§ **Task description**
Everything from the line containing "Pameťová karta Samsung" through the end of the entries should be output exactly; nothing before it is wanted.

§ **Dataset entries**
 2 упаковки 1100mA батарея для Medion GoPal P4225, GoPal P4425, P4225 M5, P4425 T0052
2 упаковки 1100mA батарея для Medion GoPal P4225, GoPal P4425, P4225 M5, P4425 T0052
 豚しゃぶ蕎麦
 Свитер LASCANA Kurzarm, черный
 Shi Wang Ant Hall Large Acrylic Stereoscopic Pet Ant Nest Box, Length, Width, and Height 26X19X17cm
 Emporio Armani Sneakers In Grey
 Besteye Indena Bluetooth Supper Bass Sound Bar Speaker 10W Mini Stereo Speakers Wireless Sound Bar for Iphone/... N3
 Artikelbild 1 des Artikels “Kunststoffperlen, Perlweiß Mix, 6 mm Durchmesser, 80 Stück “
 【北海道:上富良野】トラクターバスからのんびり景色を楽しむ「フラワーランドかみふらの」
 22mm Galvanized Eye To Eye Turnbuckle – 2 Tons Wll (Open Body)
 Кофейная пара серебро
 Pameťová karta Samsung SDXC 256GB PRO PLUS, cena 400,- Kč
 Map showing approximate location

§ **Written response**
 Pameťová karta Samsung SDXC 256GB PRO PLUS, cena 400,- Kč
 Map showing approximate location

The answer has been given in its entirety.